> _YOUR INSTRUCTIONS_:
Write out exactly the first lines of the listing, ending on the line that contains "[TWICE][新聞]190220 「微笑天使」T寶們TWICE因海外行程出國".

> _SUPPLIED ENTRIES_:
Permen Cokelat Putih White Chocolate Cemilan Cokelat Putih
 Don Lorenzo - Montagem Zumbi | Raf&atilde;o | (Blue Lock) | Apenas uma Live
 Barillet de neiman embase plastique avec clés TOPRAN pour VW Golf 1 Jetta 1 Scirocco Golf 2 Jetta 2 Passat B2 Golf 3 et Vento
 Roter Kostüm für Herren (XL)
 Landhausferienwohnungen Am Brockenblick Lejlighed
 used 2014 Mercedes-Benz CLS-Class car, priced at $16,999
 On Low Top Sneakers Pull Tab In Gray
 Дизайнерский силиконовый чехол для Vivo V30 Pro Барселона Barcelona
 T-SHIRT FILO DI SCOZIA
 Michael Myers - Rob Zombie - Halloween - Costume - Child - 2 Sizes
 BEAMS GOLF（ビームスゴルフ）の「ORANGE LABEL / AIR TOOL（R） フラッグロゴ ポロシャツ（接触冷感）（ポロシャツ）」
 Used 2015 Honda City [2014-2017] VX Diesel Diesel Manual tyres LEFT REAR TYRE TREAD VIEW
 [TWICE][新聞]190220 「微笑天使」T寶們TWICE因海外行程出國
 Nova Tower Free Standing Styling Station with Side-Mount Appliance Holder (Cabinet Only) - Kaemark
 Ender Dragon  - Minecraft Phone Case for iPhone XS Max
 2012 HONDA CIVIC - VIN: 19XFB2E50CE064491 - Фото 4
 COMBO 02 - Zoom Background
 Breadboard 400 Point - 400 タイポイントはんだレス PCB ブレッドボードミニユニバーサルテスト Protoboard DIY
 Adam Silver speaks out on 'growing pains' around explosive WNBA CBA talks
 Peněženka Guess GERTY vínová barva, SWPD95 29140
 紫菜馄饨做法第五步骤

> _WRITTEN SOLUTION_:
Permen Cokelat Putih White Chocolate Cemilan Cokelat Putih
 Don Lorenzo - Montagem Zumbi | Raf&atilde;o | (Blue Lock) | Apenas uma Live
 Barillet de neiman embase plastique avec clés TOPRAN pour VW Golf 1 Jetta 1 Scirocco Golf 2 Jetta 2 Passat B2 Golf 3 et Vento
 Roter Kostüm für Herren (XL)
 Landhausferienwohnungen Am Brockenblick Lejlighed
 used 2014 Mercedes-Benz CLS-Class car, priced at $16,999
 On Low Top Sneakers Pull Tab In Gray
 Дизайнерский силиконовый чехол для Vivo V30 Pro Барселона Barcelona
 T-SHIRT FILO DI SCOZIA
 Michael Myers - Rob Zombie - Halloween - Costume - Child - 2 Sizes
 BEAMS GOLF（ビームスゴルフ）の「ORANGE LABEL / AIR TOOL（R） フラッグロゴ ポロシャツ（接触冷感）（ポロシャツ）」
 Used 2015 Honda City [2014-2017] VX Diesel Diesel Manual tyres LEFT REAR TYRE TREAD VIEW
 [TWICE][新聞]190220 「微笑天使」T寶們TWICE因海外行程出國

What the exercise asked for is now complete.